The best way to improve ROI is to stop sending your PPC visitors to a page whose call-to-action is to buy from you. Stop expecting paid media leads to convert directly into sales. Instead, when they reach your site, ask them to opt-in to your ‘owned media.’ By all means measure ROI, but measure it by your content’s ability to engage them. This indirect approach is your best chance of converting them to a closed sale.
Q. How do I measure PPC’s effectiveness? What Key Performance Indicators (KPIs) should I use?
A. Measurement should be at the very core of and digital marketing. As the saying goes, if you can’t measure it, you can’t manage it. Besides, the analytics available with digital marketing channel put all other channels to shame.
The gold-standard among metrics is Cost-per-acquisition (CPA); it should be used as the end-goal of campaign measurement. But until you isolate all the inputs that drive CPS, you use interim metrics like Impressions, Clickthrough Rate (CTR) and conversion Rate.
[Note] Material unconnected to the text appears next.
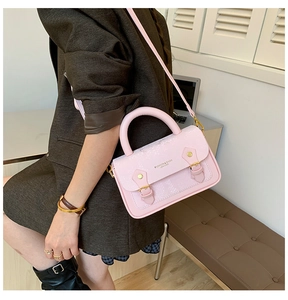 Detail of pink snake-embossed small crossbody bag with gold buckles and thick top handle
CPA takes your whole funnel into account, but you must work your way from the top of the funnel down, optimizing your funnel at each of the levels that the three interim KPIs measure.
The metrics you’ll use for buyers need to be broken down by which stage of THEIR buying journey they are at. Here is how a behavioural marketing expert addressed this issue: The traditional marketing funnel still applies online and a well-executed campaign must be aligned against the goals of each funnel stage. Whether its awareness building (branding), educating/qualifying (prospecting) or closing the deal (converting), different types of data signals and success measures should be used to find the right audience at each stage.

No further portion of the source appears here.